Krickerberg v. Hoff

143 S.W.2d 560 | Ark. | 1940

Appellee filed complaint in the Pulaski chancery court in which she alleged that in August, 1929, Emelie Krickerberg died intestate, without issue, leaving as survivor her husband, George F. Krickerberg, appellant, now 74 years of age; that Emelie Krickerberg's parents predeceased her and that she left no surviving heirs other than appellee, her sister; that at the time of her death she owned two lots in the city of Little Rock, Arkansas; and at her death, by operation of law, appellant became the owner of a life estate in one-half of said property and the remainder vested in appellee, Mary A. Hoff; prayed for partition, that the property be sold and the proceeds of the sale divided between the parties according to their respective interests.
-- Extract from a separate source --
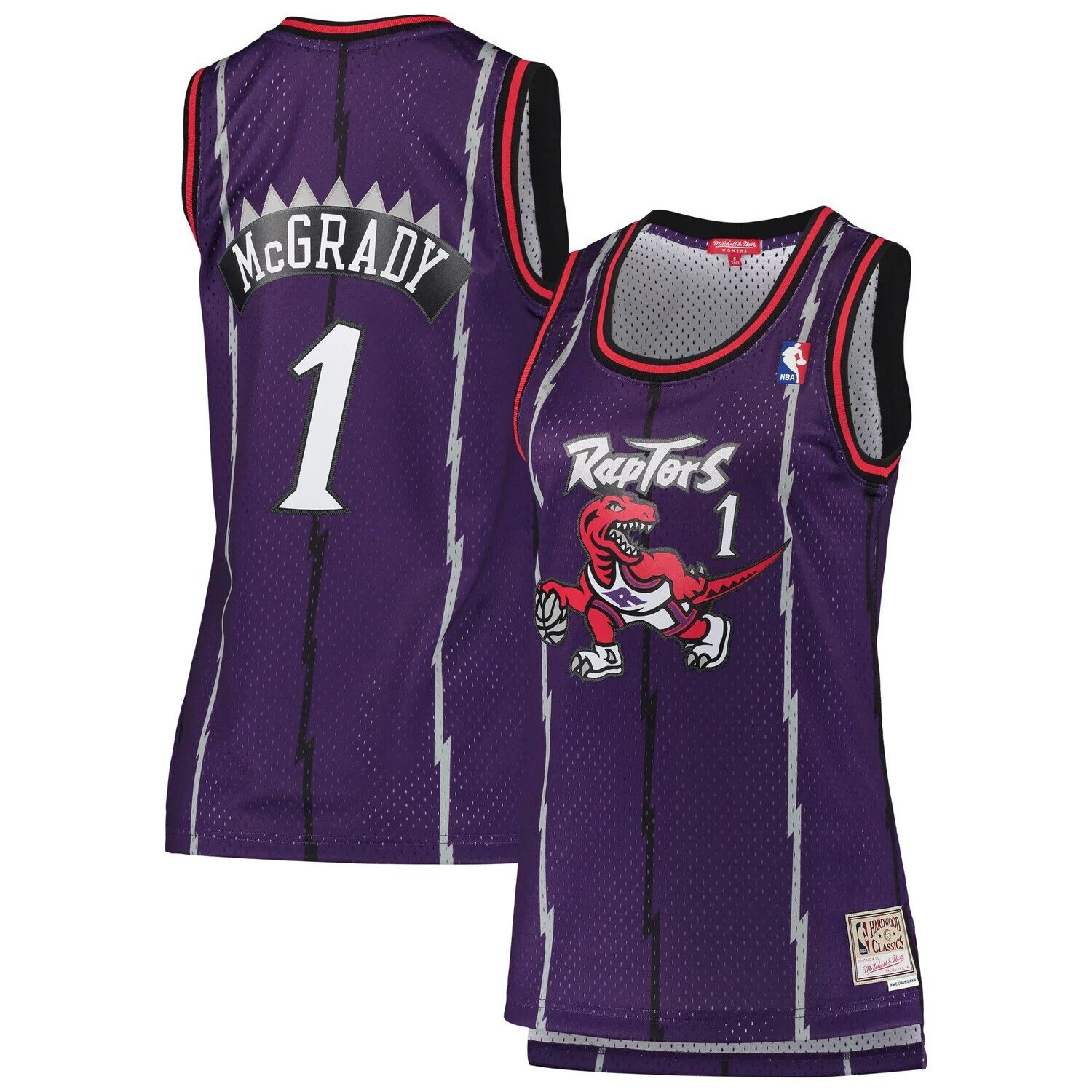 Женская майка Mitchell & Ness Tracy McGrady Purple Toronto Raptors 1998-99 гг. из твердой древесины Classics Swingman
Женская майка Mitchell & Ness Tracy McGrady Purple Toronto Raptors 1998-99 гг. из твердой древесины Classics Swingman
Appellant answered, objecting to partition and sale of the property, and by way of cross-complaint alleged that appellee executed and delivered to him on July 8, 1931, the following memorandum: "I have on deposit for George Krickerberg, $1,000 (one thousand dollars). Mary A. Hoff, July 8, 1931"; that said memorandum created a trust for appellant's benefit and that on three different occasions subsequent thereto he demanded payment, which was refused; prayed that appellee's complaint be dismissed and for judgment against appellee in the sum of $1,000.
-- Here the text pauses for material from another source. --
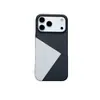 Para iPhone 18 Pro Max Funda de Teléfono Patchwork Bloque de Color Tacto de Piel Cubierta de Cobertura Total Protección contra Caídas 15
Appellee filed response to this cross-complaint alleging that she "never had any funds in her hands or under her control belonging to the defendant, George F. Krickerberg, but that it was her intention, prior to and at the time, July 8, 1931, to give the said George Krickerberg $1,000 of her own money either at her death or at some time subsequent to the aforesaid date, and as evidence of her intention caused the memorandum referred to in defendant's counterclaim to be executed. It was never this plaintiff's intention to deliver title to said sums by virtue of said written memorandum" and that no consideration passed for the execution of said instrument. *65

To this response appellant filed demurrer in which he alleged "That said response to said cross-complaint does not state facts sufficient to constitute a defense."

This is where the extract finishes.